Ganesh: What are you hearing from your clients? I believe young companies are being told “no longer talk to the CIO but talk to the Chief Marketing Officer or the Chief of Supply Chain etc”. So, how are customer dynamics changing in the IT Sector?
Ramesh: If you look at the entrepreneurs in India who have set up IT Services companies; they have modeled themselves on the Big Six – Infosys, Wipro etc. These companies really grew up in the early 2000s where they built their model on whatever the customer told them. Initially smaller companies followed this success mantra. However, in the last few years, the sand is slipping from under their feet.
They are finding that customers believe that this model is old school. Furthermore, the CIOs are no longer controlling the larger part of the budgets. As a result, these companies are not seeing the same growth as their larger peers saw in the early years. This is confusing the young companies
Ganesh: A lot of stuff is being punched as digital, whether it is the cloud, mobility etc. Let’s say you have a client running a 200 crore company and he says in the next 500 crores, I want 90% to be digital. So where do they find the additional 300 crores? What strategies would you advise young companies to take to build successful digital businesses?
Ramesh: First of all, we tell our clients – look at where the budget is going. Is the budget is now going to the Chief Marketing Officers or the Chief Sales Officers and so on? So first of all, follow the budget! That’s a great way to build a business
Then, figure out what value can you provide to them. Let’s say, if one of our smaller clients is pitching to a medium-sized company, let’s say, a 500 million dollar company and then try to understand, what is the vertical segment they are in? Let’s say if they are a mid size insurance company. Then we advise them to understand what is changing in the insurance space? For example: The insurance sector is now going on “pay per use”. So, can you be ahead of the curve and help your client build a business model that addresses the “pay per use” insurance business. So you build a strong competency in the vertical space and help your clients address the entire gamut of the business from producing to selling and build your capability in a way that you get a very strong niche.

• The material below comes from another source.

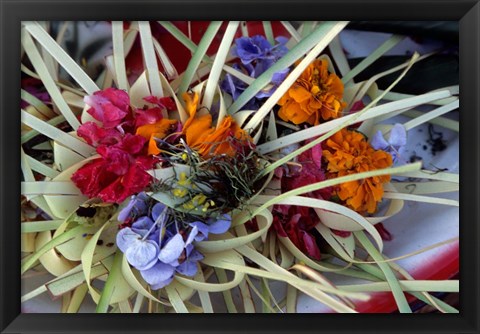 Framed Flowers and Palm Ornaments, Offerings for Hindu Gods at Temple Ceremonies, Bali, Indonesia Print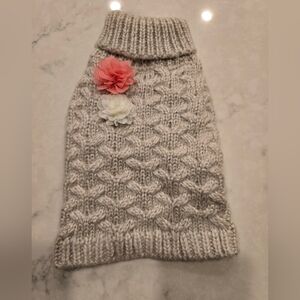 Top Paw Gray Cable Knit Dog Sweater with Floral Accents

The other option is that you can really pick up a horizontal service. For example, you define the user experience. You become the leader in defining the user experience for your industry and then you will find companies mostly in that sector, but you’ll also find companies that learn from this, and say that we want to work with you because you are the ultimate guys in user experience or you are the analytics company.
Ganesh: So if I hear you right, you are saying, there are two opportunities for the 200 crore company to build the next 500 crores. One is to choose a very specific vertical domain and build a whole capability in digital for that domain. And the second option is to choose a core horizontal, build the best width and depth in terms of Technology, Expertise, and Consulting. Are you saying both are equally valid options?
Ramesh: Yes, both are equally valid options. You have to pick one of the two. Generally, we found that most of our companies being smaller, they can’t do both – they can’t be all things to all people. So if they pick one of these two strategies, it generally leads them to success.
Ganesh: That’s a great opportunity for young companies. But then tell me, I was hosting the CEO of one of the most successful digital companies – Globant, which is now 400 million dollar company trading at 1.6 billion on the New York Stock Exchange. Martín Migoya, their CEO was with us and he said that we don’t even have a perfect point of view on digital. When Disney or Southwest Airlines comes to us, we first set up a pod that could be purely based on people with experience in customer behavior. And the next pod we setup may have little more to do with analytics, the third pod would be very heavy technology and the fourth is implementation. So he is saying that literally, like a chameleon, we are changing our colors every time a new customer requirement emerges. So this needs graphics skills, this needs behavioral skills. Do you really think our smaller companies and indeed even the larger companies in IT services are prepared for this kind of change in the profile of the people they employ? Are IT companies prepared for the changing nature of skills required?
Ramesh: Well, you know, no one is perfectly prepared for it. Globant is a great example. They have focused on horizontal specialization. They tell their clients – we don’t know your vertical, but we will learn it fast because we have set up multi-skilled, multi-functional teams that can come in and set up the pods and transfer the learning quickly and efficiently.
However, no one is perfect. Smaller companies have greater opportunities to bring the behavioral scientist that they need or the user experience experts that they need, without the legacy burden that the larger companies have in terms of their compensation structure, the culture and so on.
Ganesh: So, the good news is – there’s opportunity. I think what you heard Ramesh Mirakhur say is “choose your playing field”. It could be a vertical or it could be a specialization that you’re going after.
Don’t think that because you’re a small company your only customers are going to be small and medium firms. There is no reason why young companies can’t compete with the biggest, so long as you have the confidence to be able to go out and define your value proposition and make something happen in a very thoughtful, very sustained and very systematic manner. So all the best to all the smaller companies. It’s still a great market opportunity and I am sure you will be very successful.